□映画「大いなる沈黙へ-グランド・シャルトルーズ修道院」
劇場にいるときにたまらなく好きな瞬間がある。それは沈黙だ。カーテンコールの割れるような拍手ももちろん素敵だけど、芝居の最中、劇場内の空間を共有している全ての人間が目の前で起こっているものに集中し、固唾(かたず)をのんで次の瞬間を待ち構えているときに生まれる限りなく深い沈黙。この瞬間こそ劇場での一番の醍醐味だと僕は考える。一番強いドラマが生まれる瞬間というのは必ずしも人が泣き叫んでいるときでも、荘厳な音楽が鳴り響いているときでもない。

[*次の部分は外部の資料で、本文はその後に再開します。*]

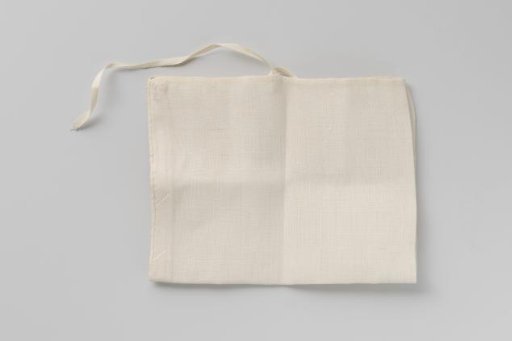 Mattress cover, made of linen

静寂のなかに圧倒的な熱量を内包した沈黙というのが確かに存在する。
音楽も語りもなく
修道院という言葉の持つミステリアスな印象は、おそらく多くの人にとってこの映画に食指が動く理由の一つになるのではないだろうか。僕もその一人だ。しかし、この映画を見るならばそれ相応の覚悟を持って劇場に向かうことをお勧めする。なぜならこの映画は言葉で直接情報を伝えてくれるわけでも、美しい音楽で感情を扇動してくれるわけでもないからだ。カトリック教会の中でも厳しい戒律で知られるグランド・シャルトルーズ修道院が撮影のために出した条件は、中に入るのは監督一人のみ、さらに音楽もナレーションも照明も使用しないことだった。